# Assigned task
Word for word, please copy the listing below, with its pictures left out.
########
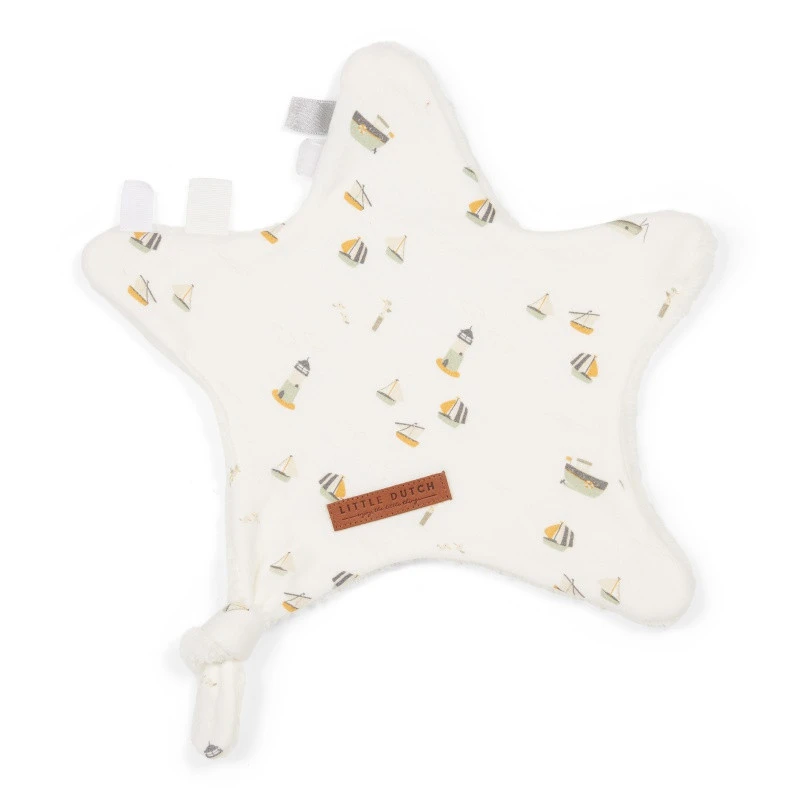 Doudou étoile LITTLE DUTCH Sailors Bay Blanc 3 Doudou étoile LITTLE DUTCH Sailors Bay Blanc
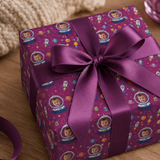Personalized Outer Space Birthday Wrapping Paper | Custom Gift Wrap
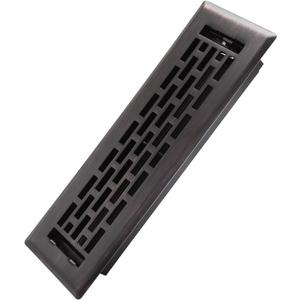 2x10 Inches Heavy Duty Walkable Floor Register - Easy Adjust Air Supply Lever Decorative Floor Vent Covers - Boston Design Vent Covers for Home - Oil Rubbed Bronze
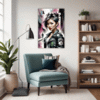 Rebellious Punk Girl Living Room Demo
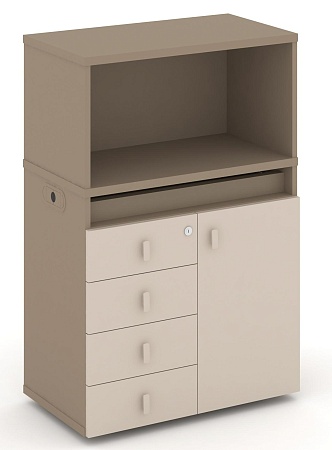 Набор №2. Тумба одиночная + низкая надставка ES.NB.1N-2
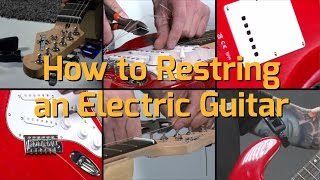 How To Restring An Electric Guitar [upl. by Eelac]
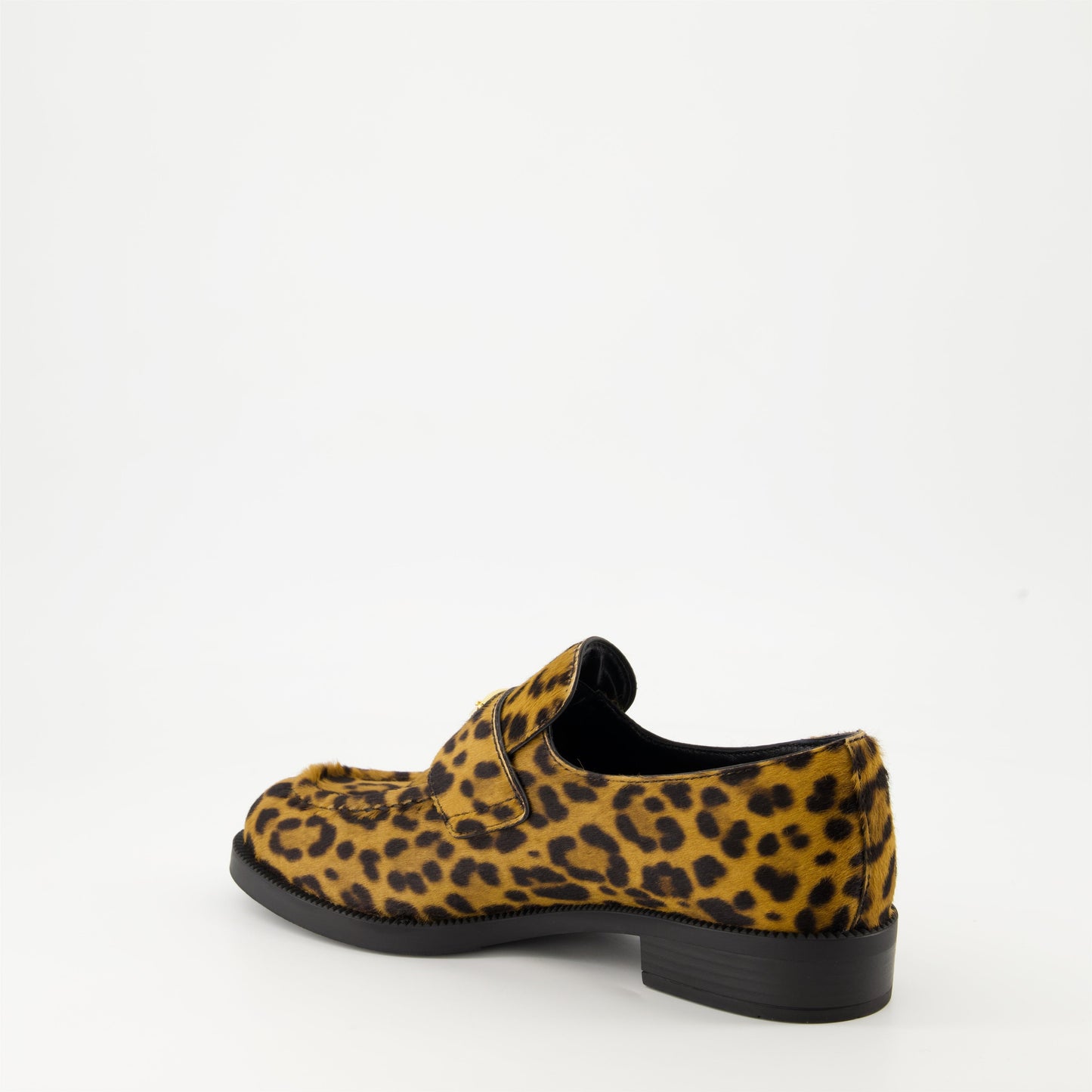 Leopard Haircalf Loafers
########
# Result
 Doudou étoile LITTLE DUTCH Sailors Bay Blanc 3 Doudou étoile LITTLE DUTCH Sailors Bay Blanc
Personalized Outer Space Birthday Wrapping Paper | Custom Gift Wrap
 2x10 Inches Heavy Duty Walkable Floor Register - Easy Adjust Air Supply Lever Decorative Floor Vent Covers - Boston Design Vent Covers for Home - Oil Rubbed Bronze
 Rebellious Punk Girl Living Room Demo
 Набор №2. Тумба одиночная + низкая надставка ES.NB.1N-2
 How To Restring An Electric Guitar [upl. by Eelac]
 Leopard Haircalf Loafers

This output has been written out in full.